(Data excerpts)
/---

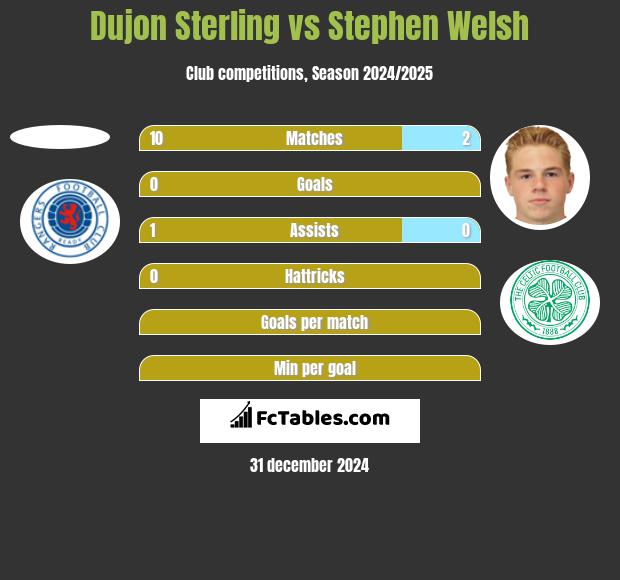 Dujon Sterling vs Stephen Welsh h2h player stats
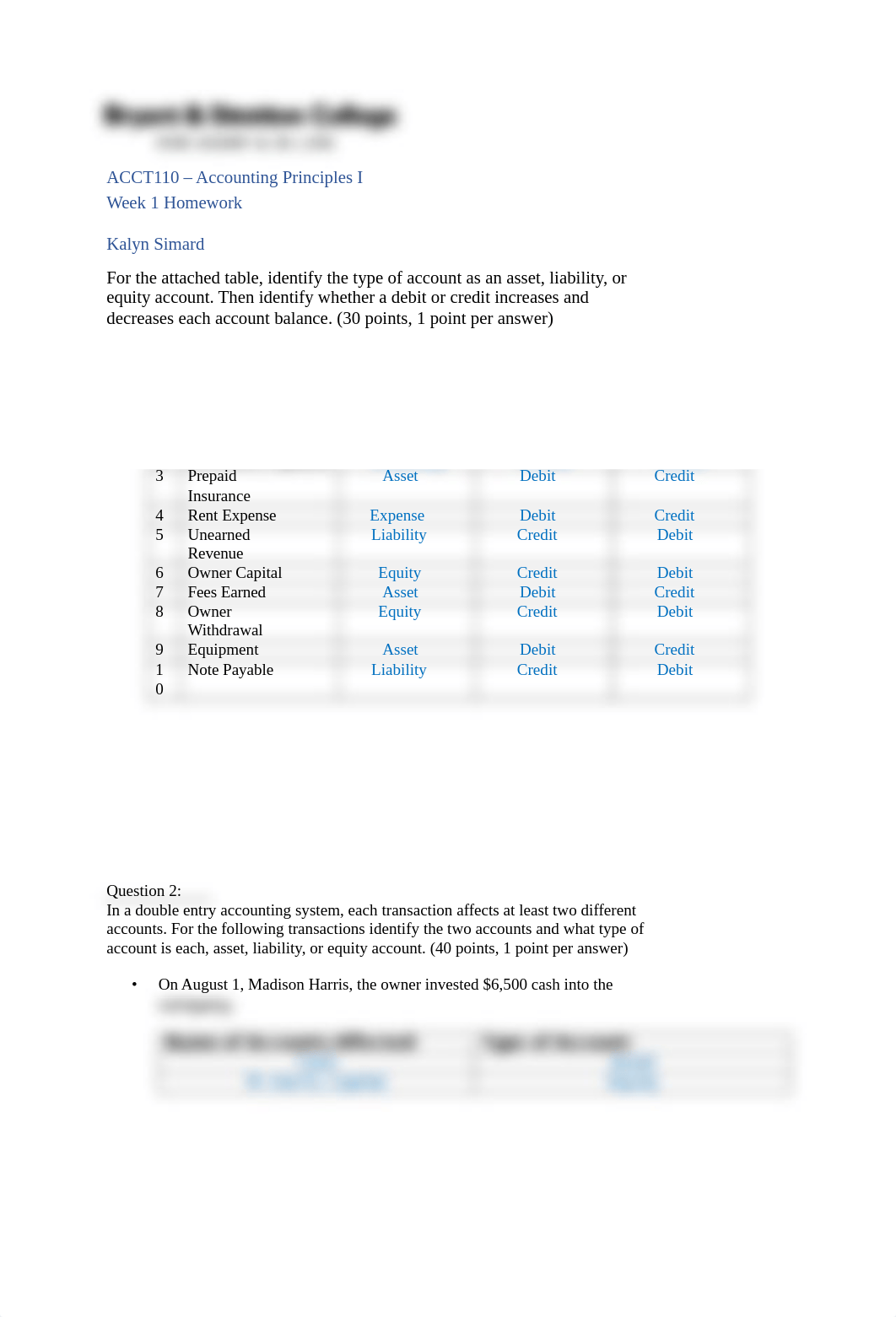 Wk1 homework.docx_dyor173yrs8_page1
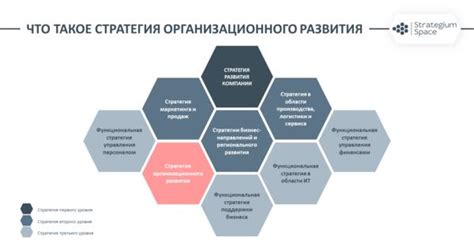 Развивайте инновационные подходы к организации деловых процессов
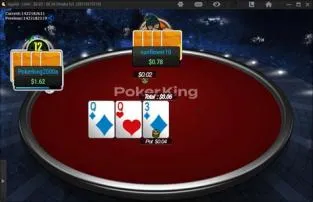 Is all online poker fixed?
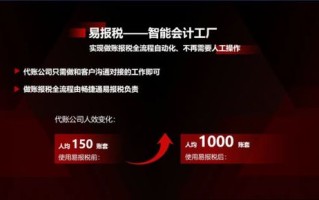 9ioo灵动视像CPS，重塑未来影像的创意科技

\---

- [Task prompt]:
Only the lines from the one containing "Wk1 homework.docx_dyor173yrs8_page1" through the final line of the records should be retyped, exactly, with every picture omitted.

- [Problem solution]:
 Wk1 homework.docx_dyor173yrs8_page1
 Развивайте инновационные подходы к организации деловых процессов
 Is all online poker fixed?
 9ioo灵动视像CPS，重塑未来影像的创意科技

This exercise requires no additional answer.